Work instructions: Without the images, write out the whole listing exactly.

Data provided:

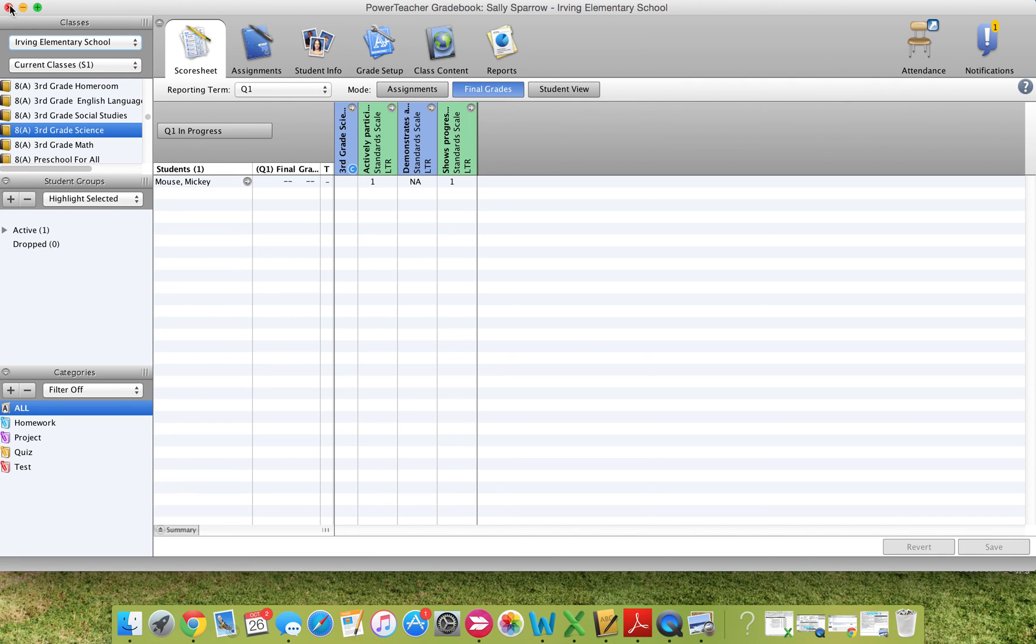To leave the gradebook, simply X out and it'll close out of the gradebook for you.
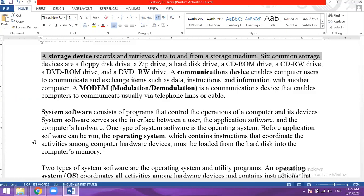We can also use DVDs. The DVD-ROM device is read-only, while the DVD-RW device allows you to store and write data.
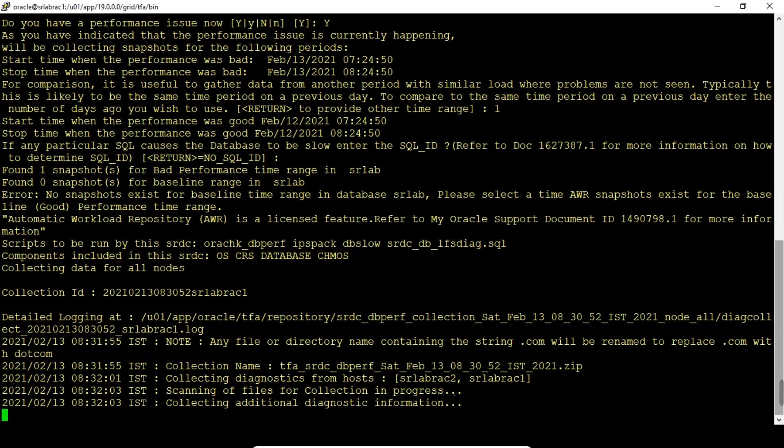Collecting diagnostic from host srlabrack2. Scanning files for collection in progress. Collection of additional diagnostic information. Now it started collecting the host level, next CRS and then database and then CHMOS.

Finished exercise:
To leave the gradebook, simply X out and it'll close out of the gradebook for you.
We can also use DVDs. The DVD-ROM device is read-only, while the DVD-RW device allows you to store and write data.
Collecting diagnostic from host srlabrack2. Scanning files for collection in progress. Collection of additional diagnostic information. Now it started collecting the host level, next CRS and then database and then CHMOS.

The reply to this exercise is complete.